Rápidos de reflejos, desde la Asociación suspendieron de manera preventiva a Bengoechea y a Nicola por negarse a jugar con la selección. La decisión final la tendría el Tribunal de Penas.
Mientras tanto, con apenas 21 jugadores sobre 22 posibles, el Uruguay de un inquebrantable Ahuntchaín ya estaba en Sucre para encarar el debut ante Perú. Pero las condiciones no eran las ideales.
El miércoles 11 los involucrados declararon pero el fallo se postergó para más adelante. Al otro día, jugaba Uruguay.

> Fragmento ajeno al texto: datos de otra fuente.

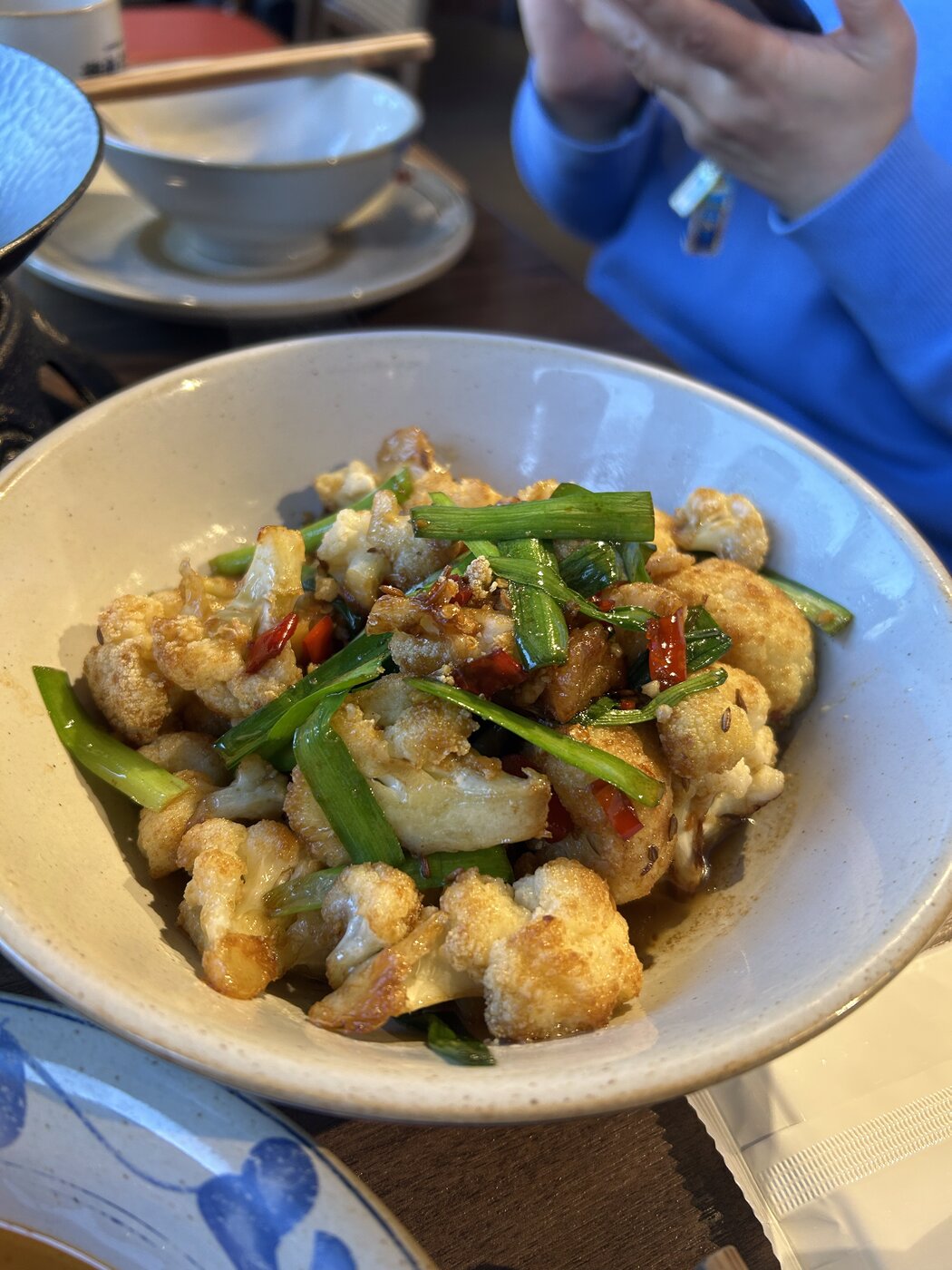 味上湖南菜館のカリフラワー炒め（干鍋風）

Obviamente perdió.
Hubo doble jornada el domingo 15: por la tarde Nacional y Peñarol empataron 2 a 2 en el primer clásico de la Supercopa -en el marco de un triangular que compartieron con Vasco Da Gama de Brasil- con la presencia de Nicola y el anunciado faltazo de Bengoechea, que trabajaba para recuperar su mejor estado físico.
Por la nochecita Uruguay respiró: venció 2-0 a Venezuela (goles de Álvaro Recoba y Marcelo Saralegui) y quedó a merced de poder robarle algún puntito a Bolivia en La Paz para clasificar. El tema es que la cosa era caótica. El delantero Luis Romero denunciaba que la delegación no había llevado ni siquiera una cocinera. “La mayoría de los muchachos, entre los que me incluyó, bajó tres o cuatro kilos. Así se hace muy difícil. Estamos solos”, dijo el Lucho.
Se armó un lío bárbaro
La olla se destapó: se supo que Ahuntchain pretendió llevar a 10 integrantes del plantel a Bolivia una semana antes de que arrancara el torneo para que se adaptaran a la altura pero la AUF se negó por el costo que eso suponía: de alojamiento, por noche, 250 dólares por los 10 jugadores. La Asociación se ahorró 1.750 de los verdes.

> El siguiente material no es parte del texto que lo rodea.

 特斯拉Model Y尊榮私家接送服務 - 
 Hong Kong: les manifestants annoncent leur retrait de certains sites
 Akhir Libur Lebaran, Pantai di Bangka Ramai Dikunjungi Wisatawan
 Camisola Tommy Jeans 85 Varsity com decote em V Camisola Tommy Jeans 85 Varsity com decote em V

Los periodistas internacionales también tenían algo para decir. Se quejaban de que Uruguay era la única selección que no presentaba la planilla con la información del equipo previa a cada encuentro. “Hasta Venezuela tiene Jefe de Prensa”, confirmaba Romero.
Así eran las cosas. Cómo ya se dijo, Uruguay no pudo ni completar los cupos del plantel, ante la inesperada ausencia de Bengoechea, que hubiera sido el capitán. No hubo dorsal 13, a pesar de que en el plantel estaba Sebastián Abreu, que vistió la 22.
El fútbol uruguayo no siempre es una usina de milagros. A veces la lógica cachetea a la mística y eso, en la selección, pasaba muy seguido por ese entonces. Perdió ante Bolivia por 1 a 0 y no pudo entrar como uno de los mejores terceros. Afuera en primera ronda en la Copa en la que debía defender su corona. Noveno de 12. Fue la peor actuación de la historia. De todos los campeones de América, ese Uruguay fue el único que no pasó la fase de grupos cuando debió defender el título logrado en la edición anterior.
Finalmente las sanciones a Bengoechea y Nicola quedaron sin efecto justo cuando las polémicas habían desaparecido porque muy lejos de este país, en Malasia, un puñado de gurises de menos de 20 años nos estaban haciendo muy felices.